> **Action item**
Verbatim copy, images removed: write out the entries below.

> **Information given**
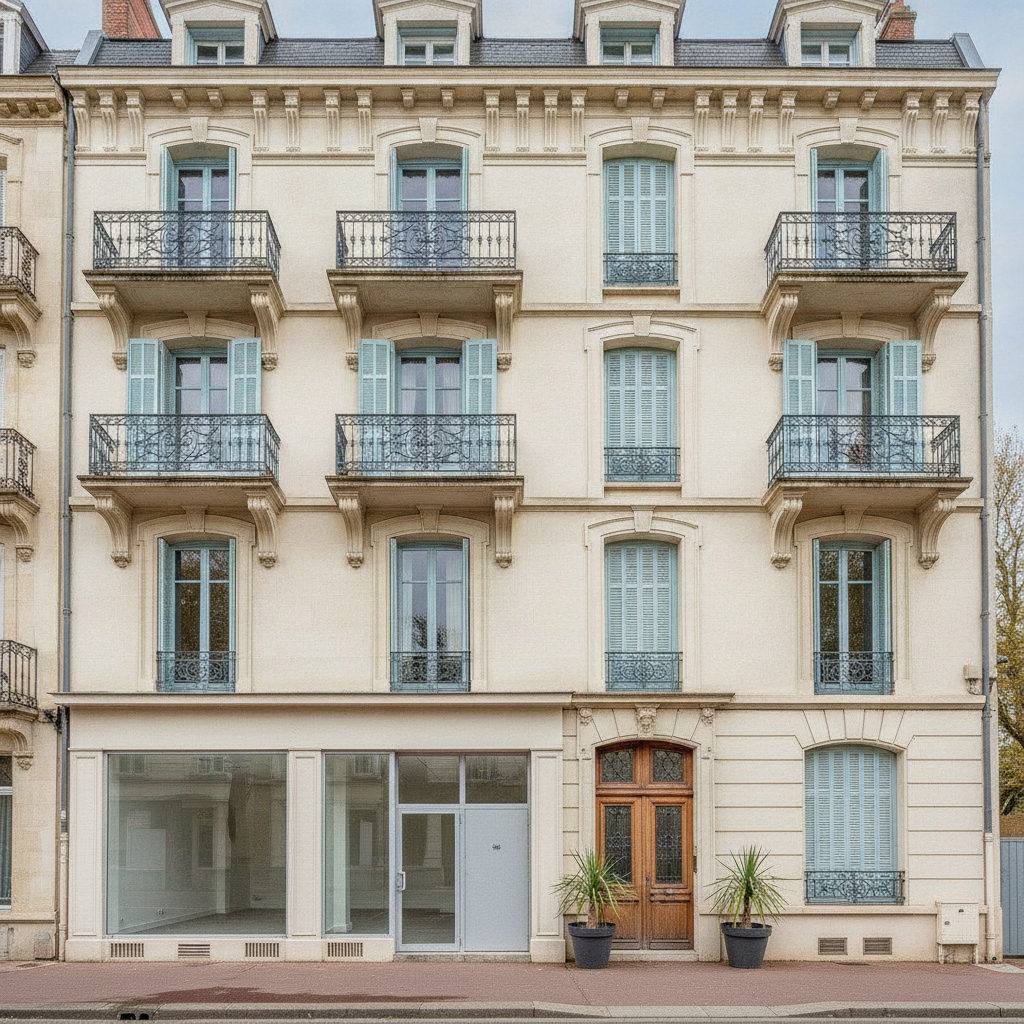 Avenue de Pontaillac 17200 Royan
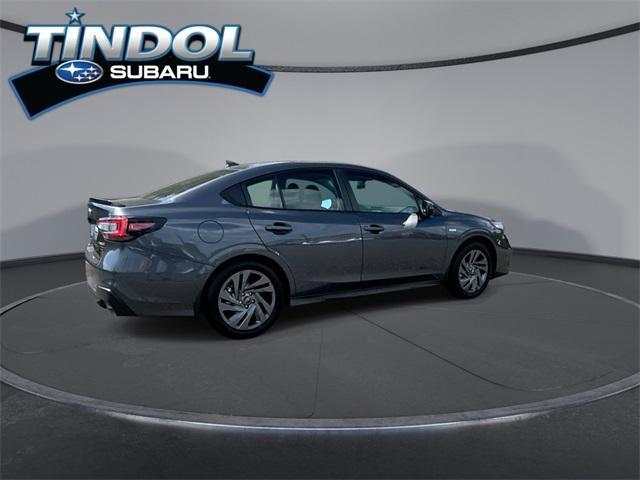 new 2025 Subaru Legacy car, priced at $35,375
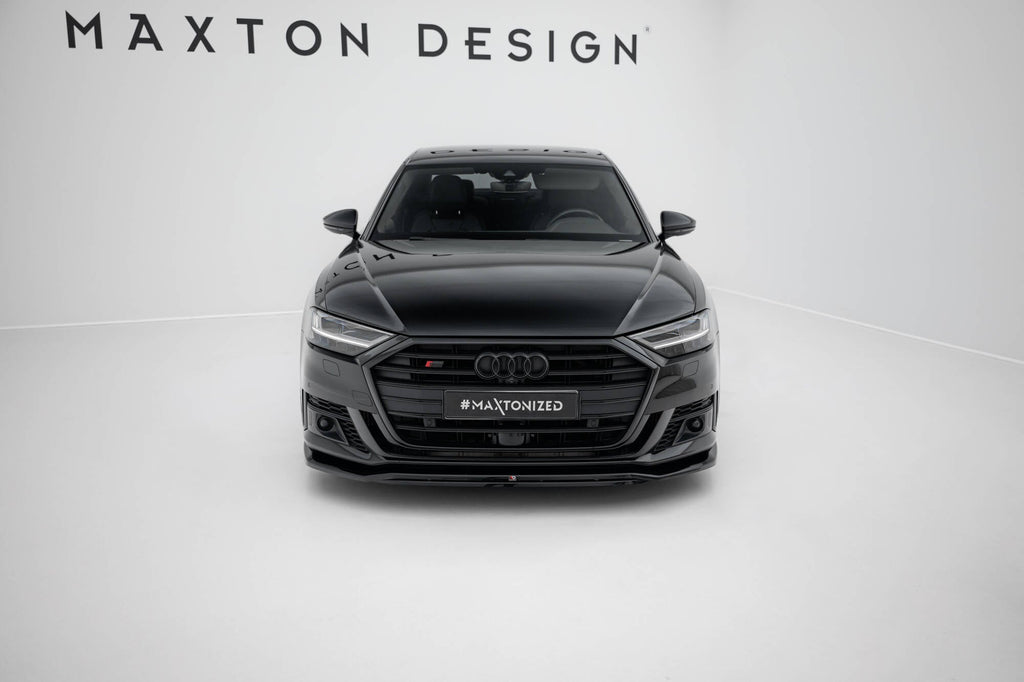 Front lip V.1 Audi S8 / A8 S-Line D5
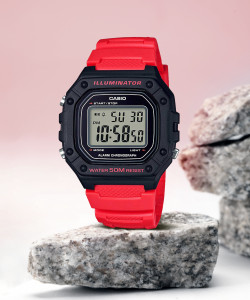 Casio w 218 h 2025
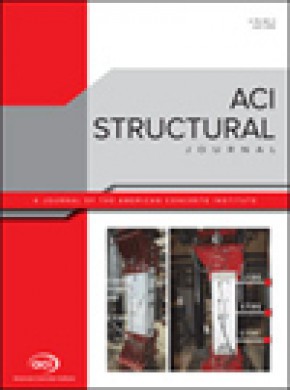 Aci Structural Journal期刊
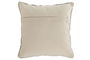 DKD Home Decor Cojín Romántico Blanco Natural 45 x 45 x 15 cm (2 Unidades)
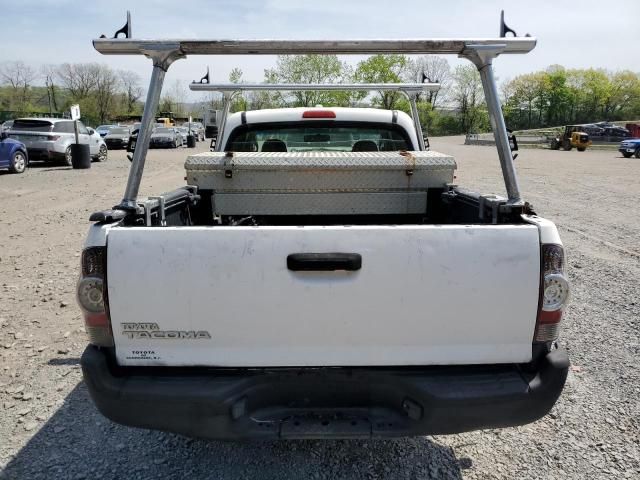 2010 Toyota Tacoma Access Cab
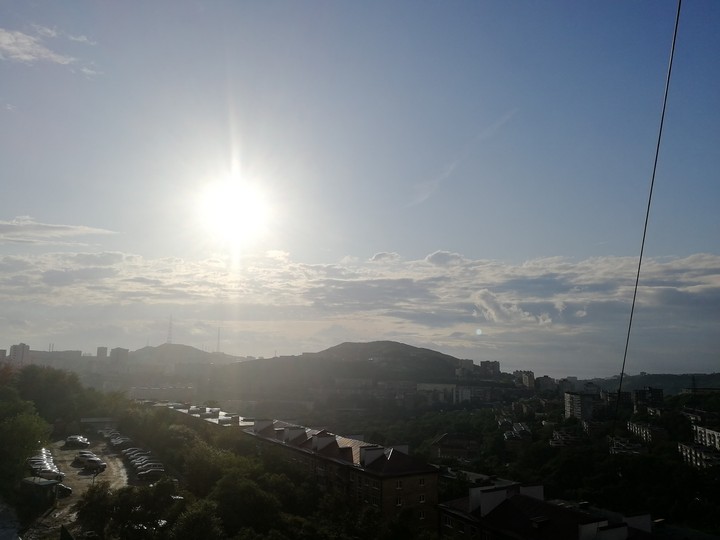 красота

> **Written reply**
 Avenue de Pontaillac 17200 Royan
 new 2025 Subaru Legacy car, priced at $35,375
 Front lip V.1 Audi S8 / A8 S-Line D5
 Casio w 218 h 2025
 Aci Structural Journal期刊
 DKD Home Decor Cojín Romántico Blanco Natural 45 x 45 x 15 cm (2 Unidades)
 2010 Toyota Tacoma Access Cab
 красота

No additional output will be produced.